Vous vous souvenez peut-être du film de Preston Sturges, Sullivan's travels, sorti en 1941: Joel McCrea y interprétait un metteur en scène de comédie, soudain lassé de son statut d'amuseur, pris par l'envie de créer une oeuvre à la signification sociale ambitieuse, et qui dans ce but se laçait dans un voyage incognito à travers l'Amérique. Le titre du film qu'il souhaitait tourner et ne ferait bien sur jamais était justement O Brother, where art thou?. Les deux frères Coen lui rendent ici un hommage appuyé, en mélangeant comme ils en ont l'habitude plusieurs ingrédients, genres et idées structurelles. Ce qui reste un film controversé par des fans qui estiment qu'il manque de coffre est aussi une comédie lumineuse, marquée non seulement par une reconstitution du Sud des Etats-Unis durant la Dépression, mais aussi par l'inspiration de l'Odyssée dont il est sans rire une adaptation...

Mississippi, 1937: Ulysses Everett McGill (George Clooney), Pete Hogwallop (John Turturro) et Delmar O'Donnell (Tim Blake Nelson) s'évadent du "chain gang", le fameux bagne à ciel ouvert si répandu dans le sud.

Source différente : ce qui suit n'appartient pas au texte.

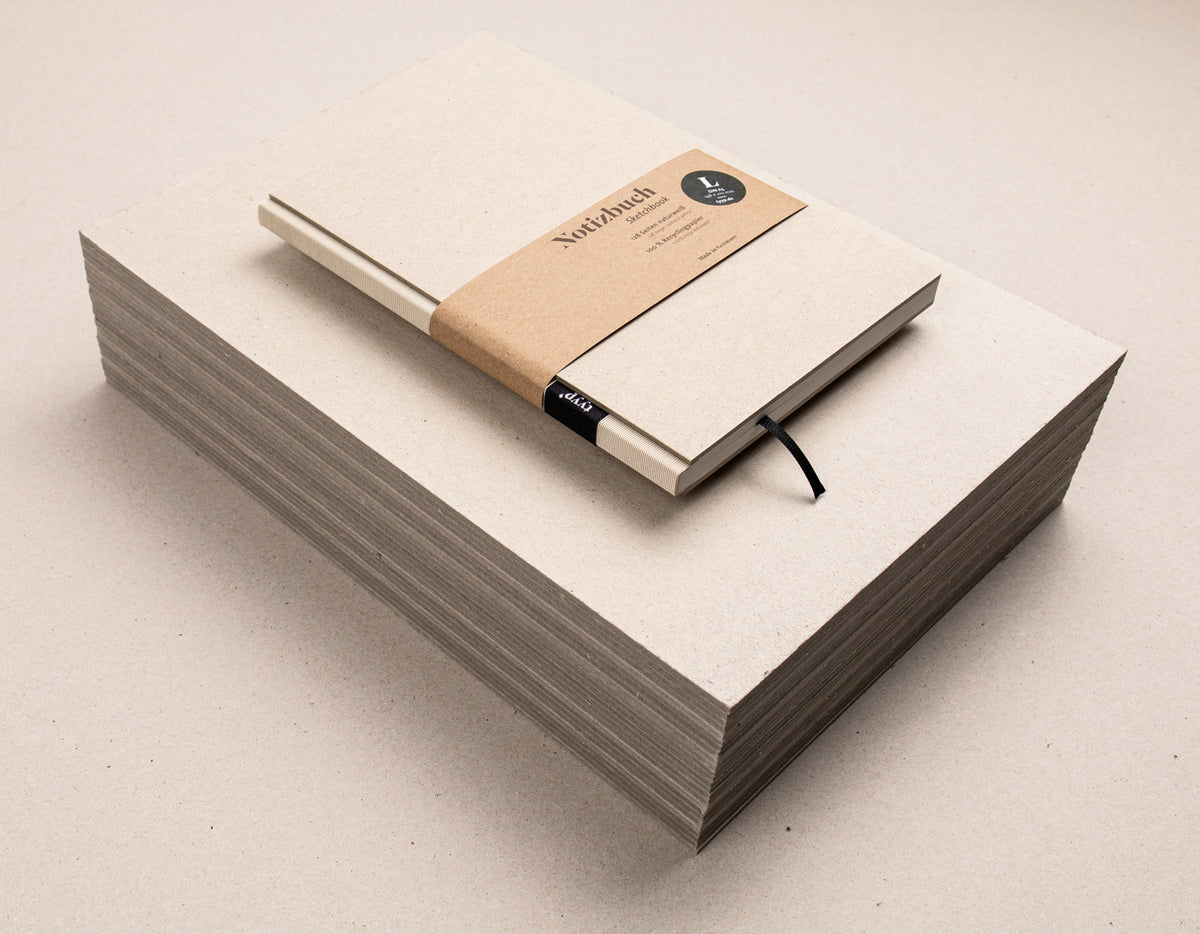Hardcover Design Notizbuch Modell BerlinBook aus Recyclingpapier, stabiler Buchdeckel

Ils ont pour but de récupérer un butin, amassé soi-disant par Everett avant d'être enfermé en prison, et qui est situé au milieu d'une vallée qui va être noyée sous les eaux d'un barrage construit dans le cadre des grands traveaux ordonnés par Roosevelt. En vérité, Everett a embobiné ses copains, puisqu'il ne s'évade que dans le but de récupérer son épouse (Holly Hunter) avant que celle-ci ne se remarie avec un autre...

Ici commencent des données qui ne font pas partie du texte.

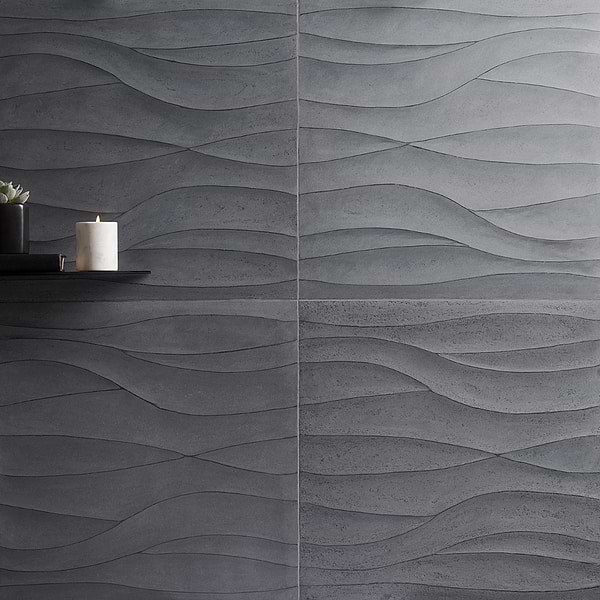Thalia Charcoal 18x18 3D Carved Wave Honed Limestone Tile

En chemin, les trois hommes croisent la route d'un certain nombre de personnages bien dans la manière du Sud, participent à leur façon à une campagne électorale, perturbent un rassemblement du Ku-Klux-Klan, échappent au Diable à plusieurs reprises, et enregistrent un disque à succès sous le nom improvisé de Soggy Bottom Boys...

 

Le Cyclope, Ulysse, Penelope et leurs sept filles, les sirènes... les renvois à Homère (D'ailleurs présent dans le patronyme du candidat réformateur au poste de gouverneur et grand dragon du KKK, Homer Stokes) ne manquent pas, et structurent le film qui est un vrai voyage, avec ses dangers, ses étapes, ses pleins et ses déliés. Le Mississippi rural et pauvre, majoritairement blanc, y est vu sous tous ses angles, et rien que pour ça, le film vaut clairement le détour. Mais il s'inscrit aussi dans un hommage aux films de l'époque, vus à travers une séance de cinéma largement inspirée par une anecdote du film de Sturges. Et la musique locale, folklore sudiste parfois teinté de gospel et de blues, parfois plus tourné vers la country, donne lieu à des passages totalement irréalistes, le rally du KKK en tête. Pourtant, dans cette société qui essaie (Ségrégation, KKK) de refuser le multiculturalisme, passe comme une atmosphère de mélange irrésistible, incarné justement par la musique, notamment la magnifique interprétation glorieusemeent doublée de la chanson A man of constant sorrow, par les Soggy Bottom Boys, un groupe 'intégré' avant l'heure: guitariste noir, chanteurs blancs.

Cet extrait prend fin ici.